Robust tool wear prediction under novel operating conditions via physics-guided unsupervised domain adaptation

Abstract

Data-driven tool wear prediction enables efficient tool utilization and prevents unexpected machining downtime, thereby improving quality and productivity. However, existing tool condition monitoring (TCM) approaches face critical limitations in real-world practice due to frequent changes in operating conditions that cause data distribution shifts (i.e., domain shifts), which make trained models obsolete. In addition, obtaining labeled data for fine-tuning under novel operating conditions is impractical because tool wear measurements require considerable costs and domain expertise. Given the aforementioned difficulties, this work proposes a deep unsupervised domain adaptation (DA) method with three novel techniques for robust tool wear prediction under novel operating conditions.

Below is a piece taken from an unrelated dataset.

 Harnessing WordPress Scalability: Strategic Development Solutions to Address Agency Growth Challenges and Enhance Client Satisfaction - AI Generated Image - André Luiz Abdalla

First, inverse Gramian subspace matching (IGSM) is proposed to reduce distribution discrepancy between two different domains by aligning subspaces of inverse Gramians without using labeled samples. Second, a pseudo-label-based pairwise regularization (PLPR) is developed to transfer informative knowledge regarding tool wear progression to novel operating conditions. Third, a physics-guided adjustment (PGA) is applied during inference to calibrate physics-compliant predictions on unseen tool wear ranges. Comprehensive experimental results using two real-world milling datasets under various domain shift scenarios demonstrate the proposed method's efficacy in tool wear prediction under novel operating conditions. In particular, the proposed method consistently outperforms existing baselines and state-of-the-art approaches under an unsupervised DA setup, exhibiting its practical effectiveness.